The problem with using the moon as a jumping off point is that there is no fuel on the moon.  we would have to use too much fuel to get fuel to the moon.  Which would make the moon a bad location to jump off from.  Mars on the other hand looks like it may have fuel on it.
 
Harley Sailor said:
The problem with using the moon as a jumping off point is that there is no fuel on the moon.  we would have to use too much fuel to get fuel to the moon.  Which would make the moon a bad location to jump off from.  Mars on the other hand looks like it may have fuel on it.
There may be fuel on the moon.  Remember their search for water?  If there is indeed water there, then we can turn that into fuel.  If not, then we could stockpile it there in a few trips, vice hauling it all up in one go.
 
The great thing about the moon is that it is 3-4 days away vice 6 months. I think we need to gain as much experience there as possible and use it to test the technologies and crews that will one day head to Mars.

For those interested...Mars Direct was a plan put forward in the 90's to take astronauts to Mars with existing technology. Interesting reading on the logistics of it all.

http://www.nss.org/settlement/mars/zubrin-promise.html
 
Very good reading indead.  Time line is a bit off but still do-able.  The thing I see about Mars is that who ever gets there first will have the advantage of setting the rules.
 
My google-fu is weak and beatable, but I recall at one time seeing a documentary on TV about lunar living and its feasibility.  I was of the impression that by way of using concentrated, unrestricted solar radiation one could blast the moons dust/rocks (? that part is fuzzy) and extract carbon and oxygen molecules, thus creating raw material for both water and rocket fuel?  Maybe it was all theoretical, but I was of the impression that it was something that was doable.
 
zipperhead_cop said:
My google-fu is weak and beatable, but I recall at one time seeing a documentary on TV about lunar living and its feasibility.  I was of the impression that by way of using concentrated, unrestricted solar radiation one could blast the moons dust/rocks (? that part is fuzzy) and extract carbon and oxygen molecules, thus creating raw material for both water and rocket fuel?  Maybe it was all theoretical, but I was of the impression that it was something that was doable.

Speaking of solar radiation...that is what I think the major issue will be.

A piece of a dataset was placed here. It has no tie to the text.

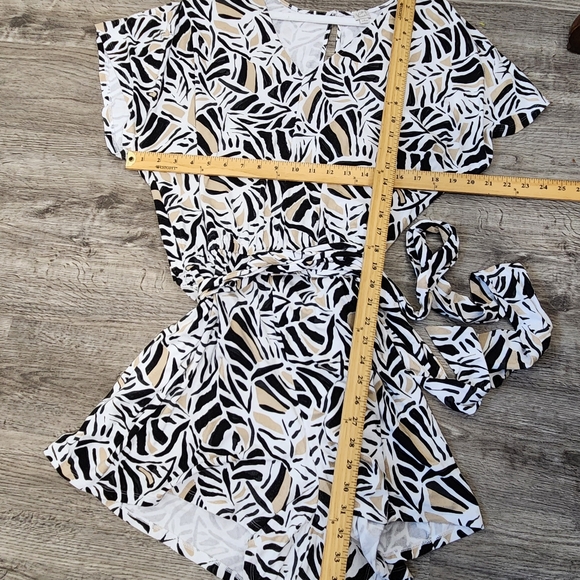 Loft Beach Romper Womens XL Black Beige White Flutter Sleeves Tie Belt vacay - Picture 12 of 15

I think with our technology, the hardest part will not be getting there. Once a spacecraft leaves the protection of the Earth's magnetic field, the astronauts are exposed to all kinds of nasty radiation. For a mission that will take anywhere up to 3 years, that could become a major issue for our astronauts.

I gave up being a science geek years ago (big mistake) but I recall that astronauts in the Apollo program were not away from Earth long enough to be exposed to fatal doses of the solar radiation.
 
Reviving an old thread as this seems to be the best place for this link: the GIF's are of a new American rocket engine being test fired. This engine is in the same class as the F-1 engine used to power the SaturnV of Apollo fame, and the SLS, if ever built, will use these engines and be a Saturn V class booster.

The only other engines even close to this category are a revised version of the actual F-1 engine (using modern design and building techniques to reduce the weight), the SpaceX "Raptor" under development and the RD-170 class engines used by the Russian "Zenit" boosters.

http://www.popularmechanics.com/space/rockets/g2131/the-engine-that-will-take-us-to-mars-in-5-glorious-gifs/
 
Nice pics.

But the RS-25 is nowhere near "Saturn V" levels.

The RS-25 are the main engines of the space shuttle. The new generation in production for the SLS are exactly the same. The launch velocity of the SLS will be achieved as a combination of those engines with a large number (likely 6) of solid fuel boosters - again of the same type that was used for the space shuttles.

Comparison with the Saturn V booster engine (the F-1):

RS-25: Thrust of 1860 kN at sea level.     

F-1: Thrust of 6670 kN at sea level (more than 3 times the thrust of a RS-25.)